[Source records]
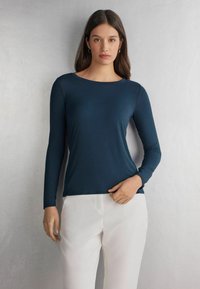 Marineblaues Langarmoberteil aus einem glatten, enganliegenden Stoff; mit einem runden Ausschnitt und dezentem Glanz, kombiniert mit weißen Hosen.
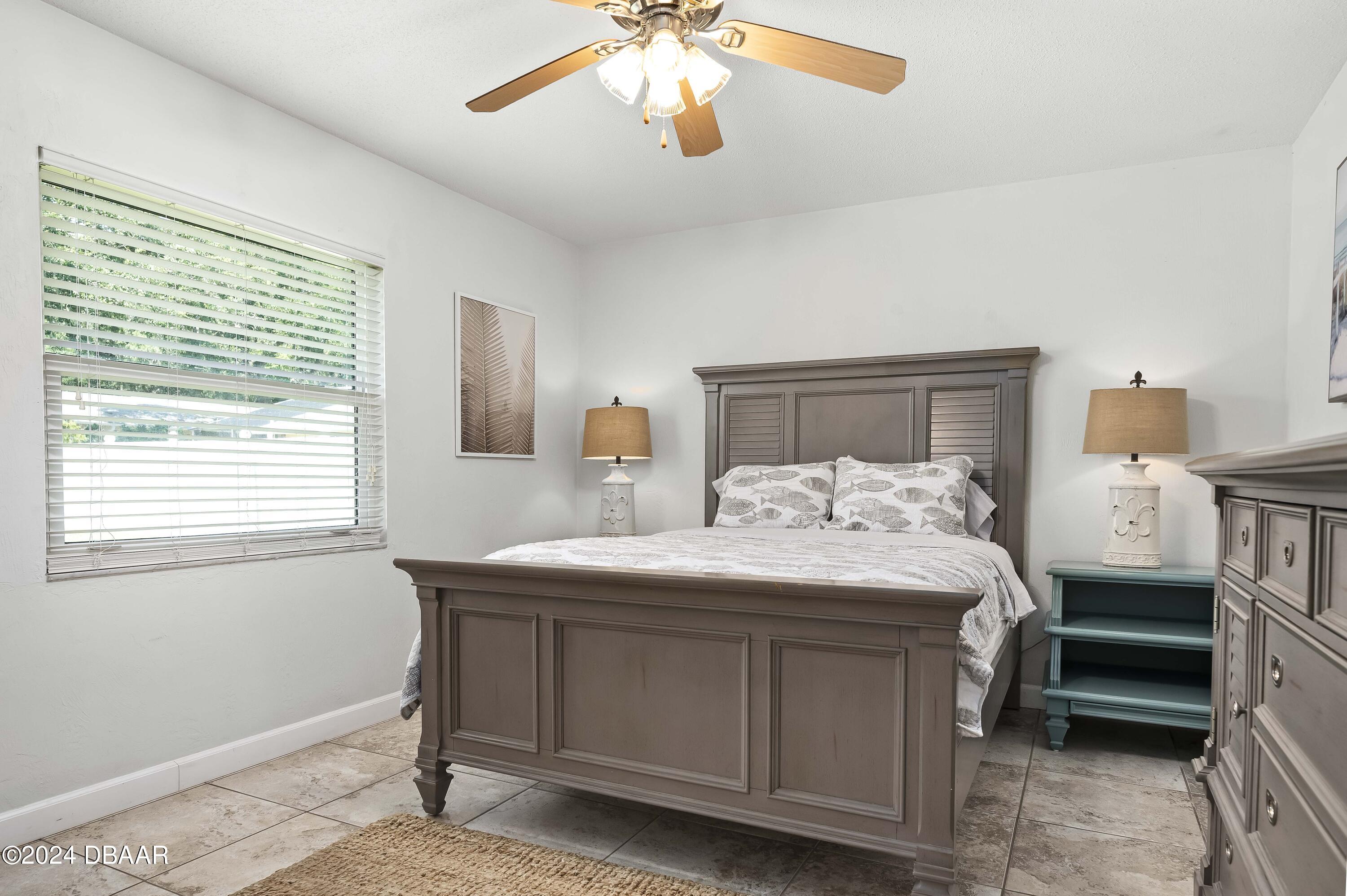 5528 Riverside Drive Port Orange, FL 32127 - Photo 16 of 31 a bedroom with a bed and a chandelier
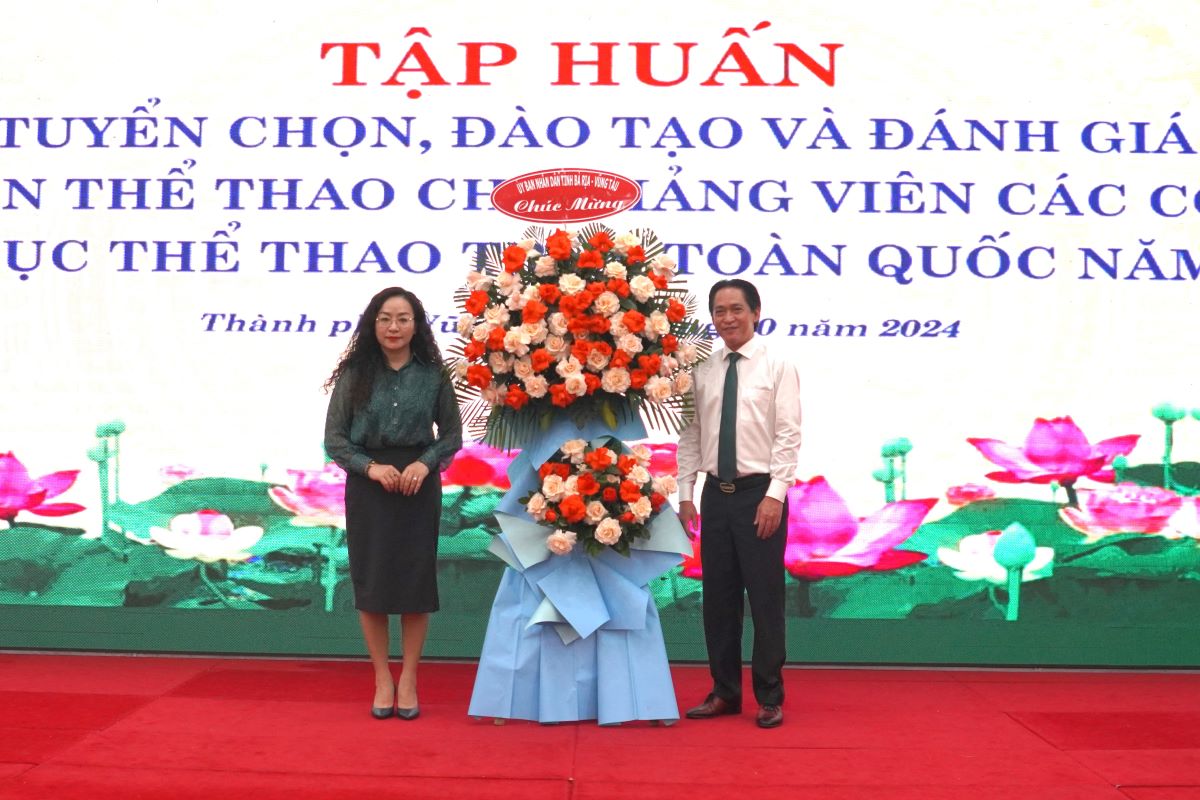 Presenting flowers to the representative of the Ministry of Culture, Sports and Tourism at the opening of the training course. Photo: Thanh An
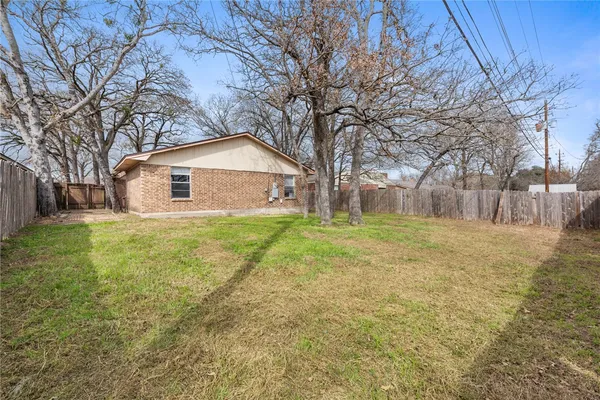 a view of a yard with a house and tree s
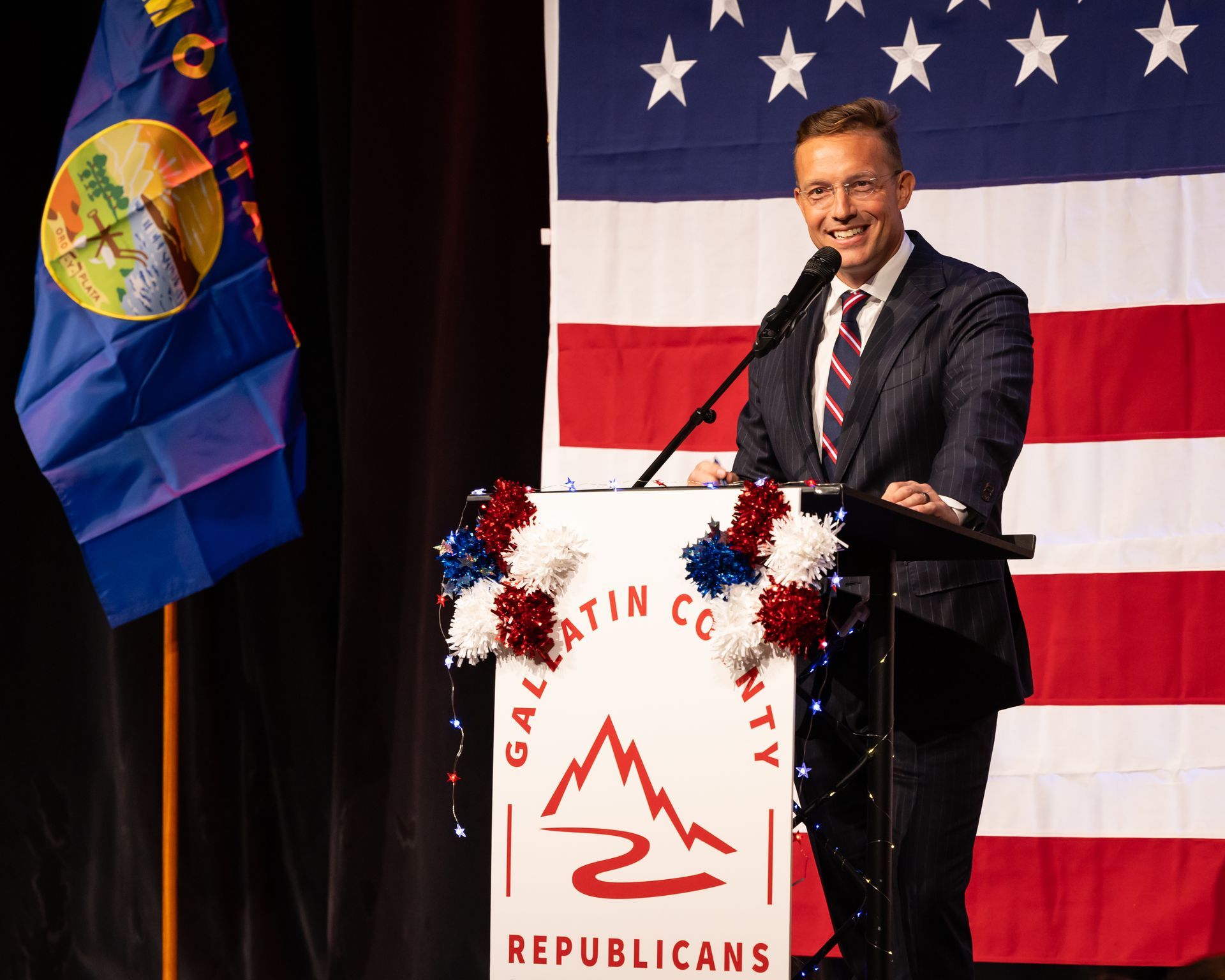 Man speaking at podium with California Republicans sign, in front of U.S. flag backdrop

§ Assigned task
Once the pictures are set aside, transcribe the remaining lines above exactly.

§ Exercise response
 Marineblaues Langarmoberteil aus einem glatten, enganliegenden Stoff; mit einem runden Ausschnitt und dezentem Glanz, kombiniert mit weißen Hosen.
 5528 Riverside Drive Port Orange, FL 32127 - Photo 16 of 31 a bedroom with a bed and a chandelier
 Presenting flowers to the representative of the Ministry of Culture, Sports and Tourism at the opening of the training course. Photo: Thanh An
 a view of a yard with a house and tree s
 Man speaking at podium with California Republicans sign, in front of U.S. flag backdrop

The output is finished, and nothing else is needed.